Udacity’s Data Analyst Nanodegree was one of the first online data science programs in the MOOC era. It aims to “ensure you master the exact skills necessary to build a career in data science.” Does it accomplish its goal? Is it the best option available?
I completed the program a few weeks ago. Using inspiration from Class Central’s open-source review template, here is my review for Udacity’s Data Analyst Nanodegree.
What made me decide to take this program?
In early 2016, I started creating my own data science master’s program using online resources. (You can read about that here.) I enrolled in the Data Analyst Nanodegree for a few reasons:
- I wanted a guide for my introduction to data science.

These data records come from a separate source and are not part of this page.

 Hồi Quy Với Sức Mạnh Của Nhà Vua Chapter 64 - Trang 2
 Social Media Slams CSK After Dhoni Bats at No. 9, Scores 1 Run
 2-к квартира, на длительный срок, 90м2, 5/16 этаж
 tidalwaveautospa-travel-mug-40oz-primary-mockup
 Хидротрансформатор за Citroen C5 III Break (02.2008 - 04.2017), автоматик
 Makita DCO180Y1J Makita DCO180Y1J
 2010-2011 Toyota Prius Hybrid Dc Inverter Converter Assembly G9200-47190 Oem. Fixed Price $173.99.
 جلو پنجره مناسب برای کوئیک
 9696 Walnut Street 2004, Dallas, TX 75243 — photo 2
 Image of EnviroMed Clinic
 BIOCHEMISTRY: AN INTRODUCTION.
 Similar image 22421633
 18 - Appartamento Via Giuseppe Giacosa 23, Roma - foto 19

- I wanted a cohesive program instead of individual courses from a variety of providers.
- It received stellar reviews.
- I had taken a few Udacity courses before and I was a fan of their teaching style.
What were my goals?
Though the program can act as a bridge to a job (more on that later), I wanted to use the program as an introduction to more advanced material. This “more advanced material” applies to both subjects that are covered in the program and subjects that aren’t.
History of the program
Udacity is one of the leading online course providers. They mostly focus on tech. Sebastian Thrun, ex-Stanford professor and Google X founder, runs the show as founder and CEO.
Nanodegrees are online certifications provided by Udacity. They are usually compilations of existing free Udacity courses that have projects attached to them. These projects are reviewed by Udacity’s paid project reviewers. Upon request, students also have access to Udacity Coaches a.k.a. experts in the courses taught at Udacity.

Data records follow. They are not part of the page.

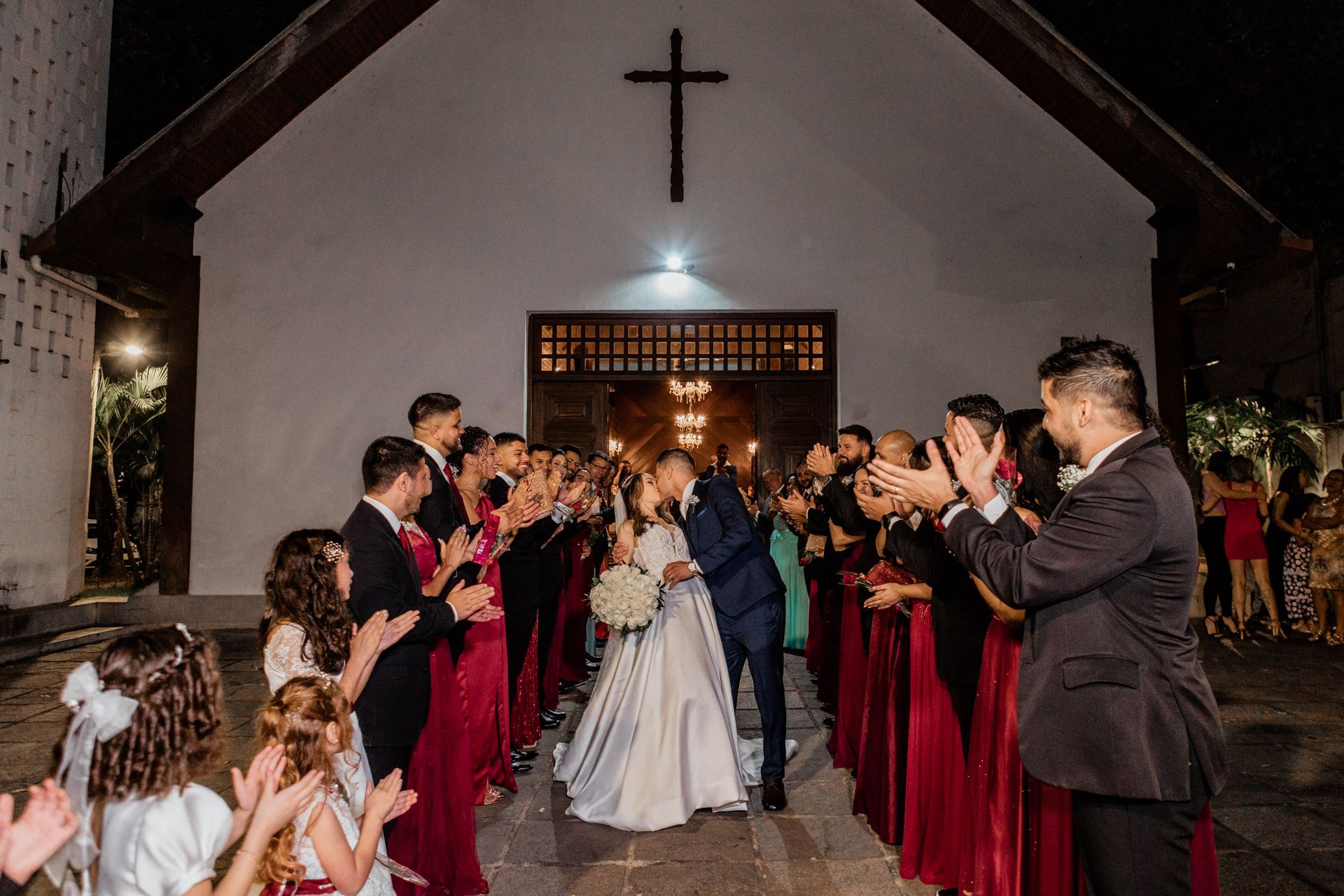 Alismara e Talyson - 2 - 56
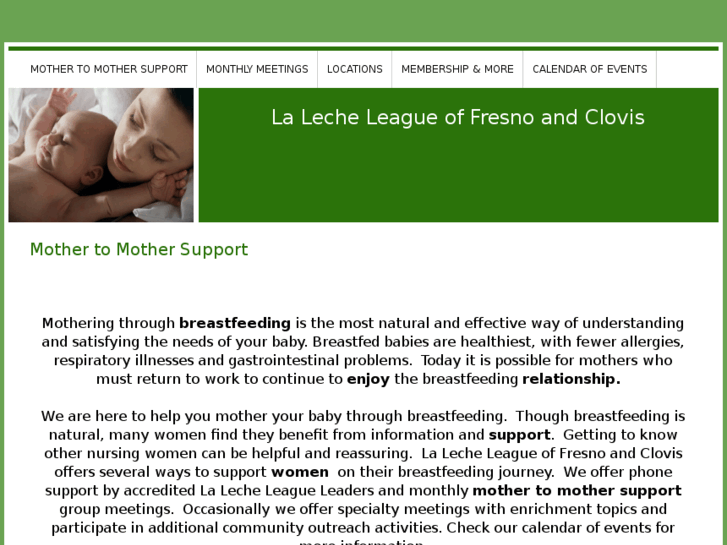 www.lllfresno.org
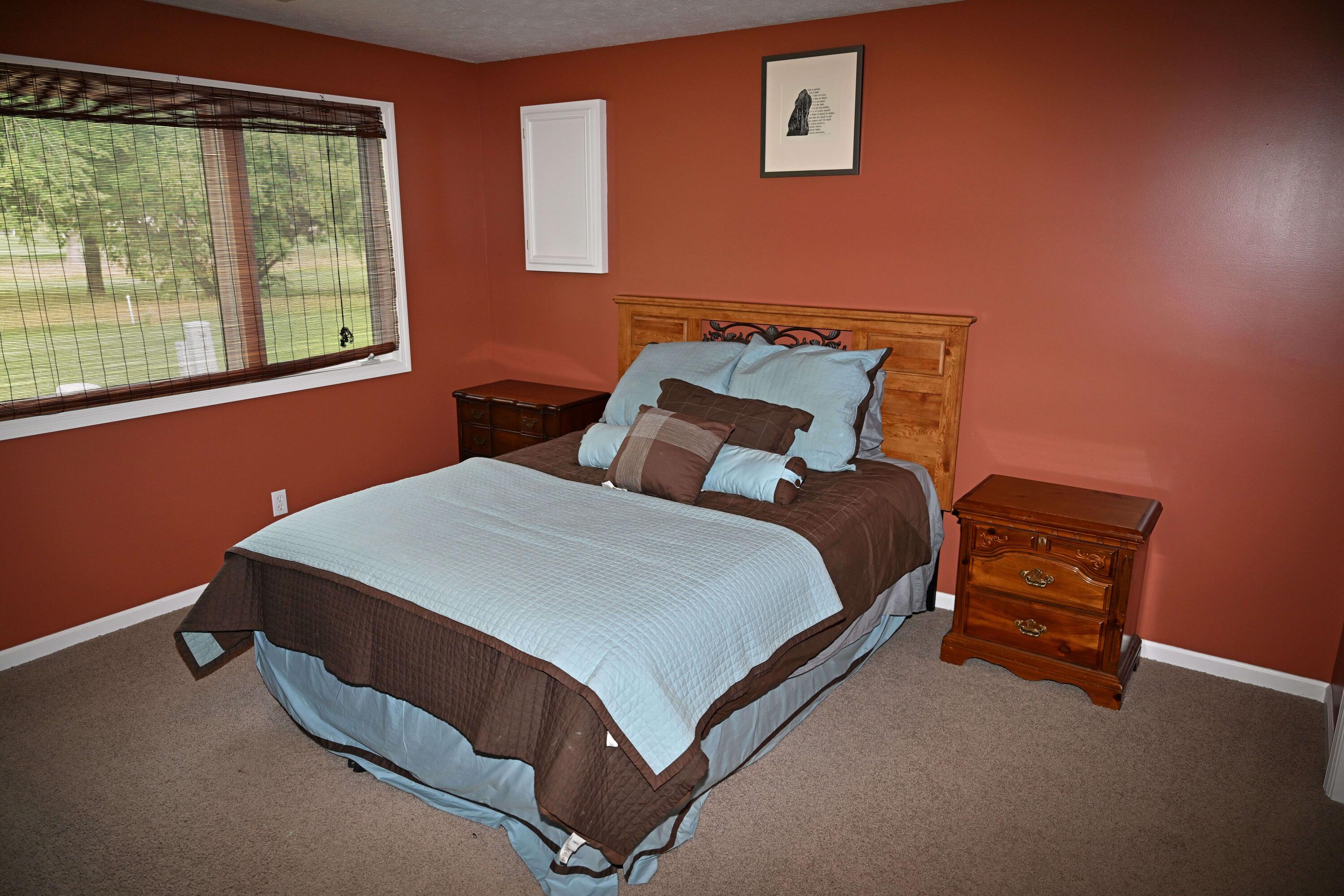 Photo 19 of 27 of 6135 Gleneagle Highlands Drive condo
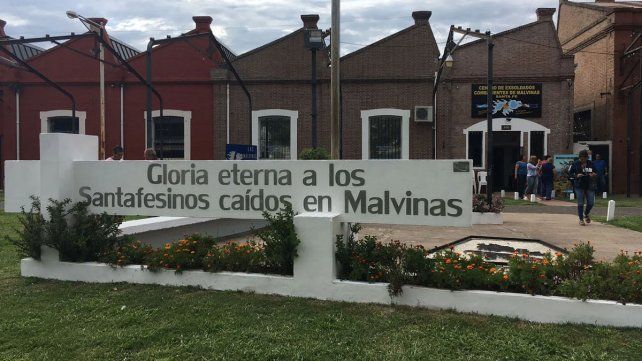 Bienes decomisados: lo recaudado en las subastas se destinará a fines sociales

The Data Analyst Nanodegree was originally released in 2014. It was one of Udacity’s first four Nanodegrees. Though it has undergone some changes over the years, the core of the program is intact.

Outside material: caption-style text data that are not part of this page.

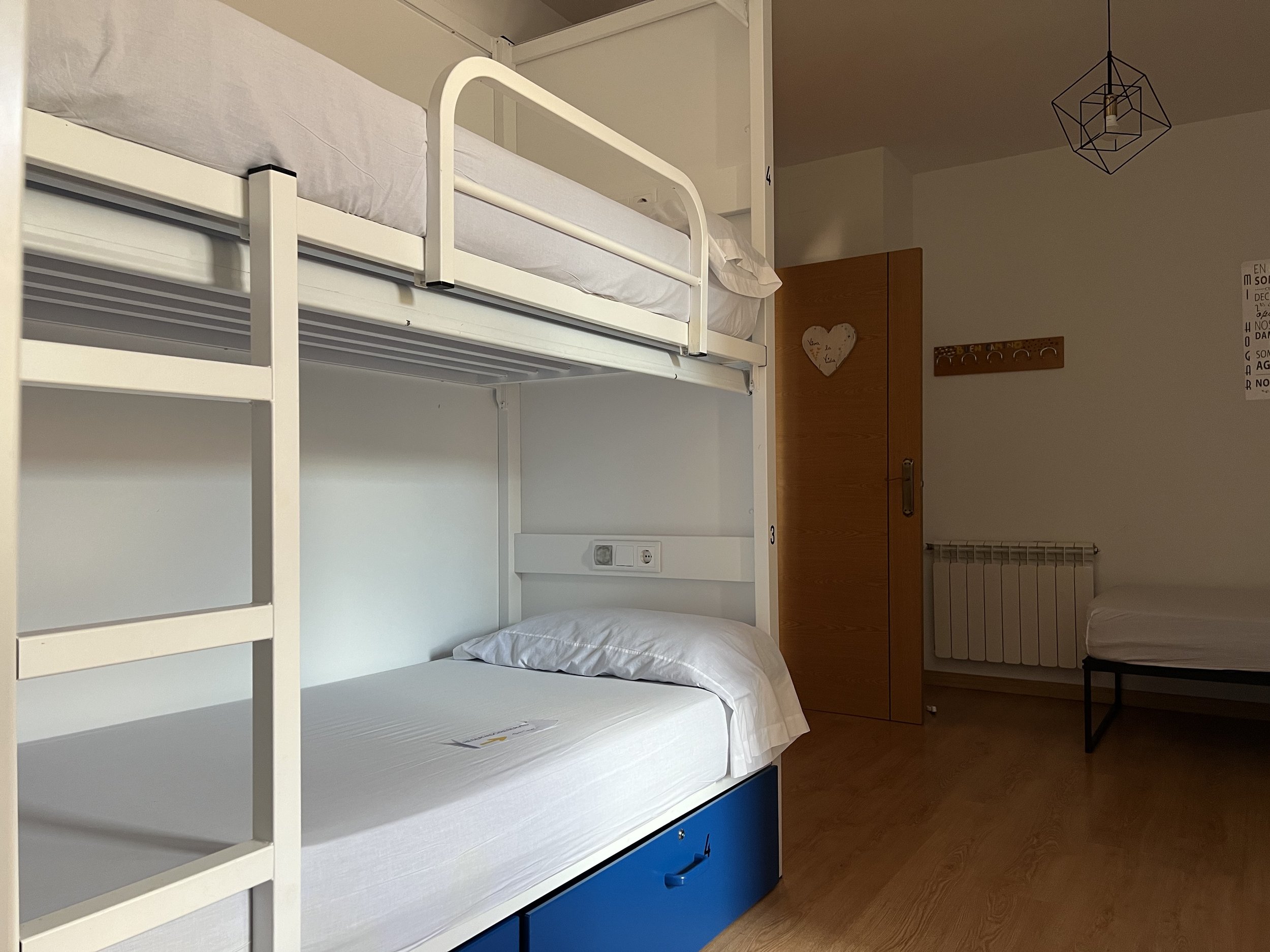 Albergue Estrella Guia Solo Peregrinos.jpeg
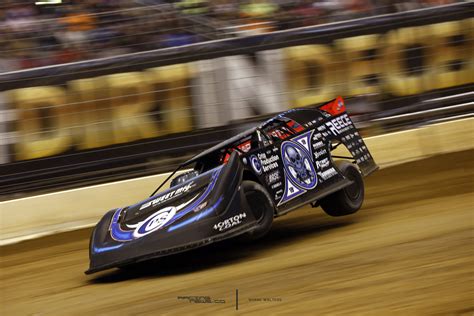 dirt track racing pictures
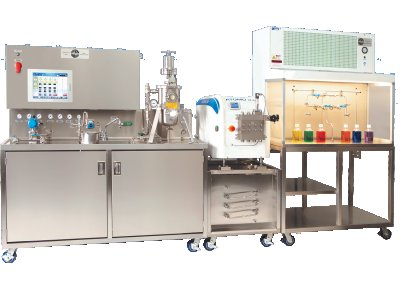 Small Scale Milk Pasteurization Machine: The Ultimate Solution for Dairy Processing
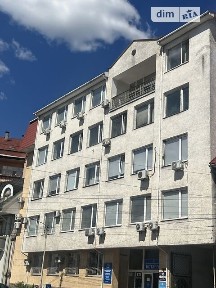 Фединця вулиця, район Центр, Ужгород, вул. Фединця, приміщень -, поверх - 1 34313276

Who are the instructors and what are their backgrounds?
Because the Data Analyst Nanodegree is a compilation of free Udacity courses, there are several instructors. Their resumes often include prestigious roles in major tech companies and degrees from top U.S. schools.
They aren’t “instructors” per se, but Udacity’s project reviewers and forum staff are the people you actually interact with the most. They are so, so helpful. Again, more on that later.
The Data Analyst Nanodegree costs $200 per month, like most other Nanodegrees. If you graduate within twelve months, Udacity gives you a 50% tuition refund.
Udacity recommends that students:
- are interested in data science
- have a strong grasp of descriptive and inferential statistics
- have programming experience (preferably in Python)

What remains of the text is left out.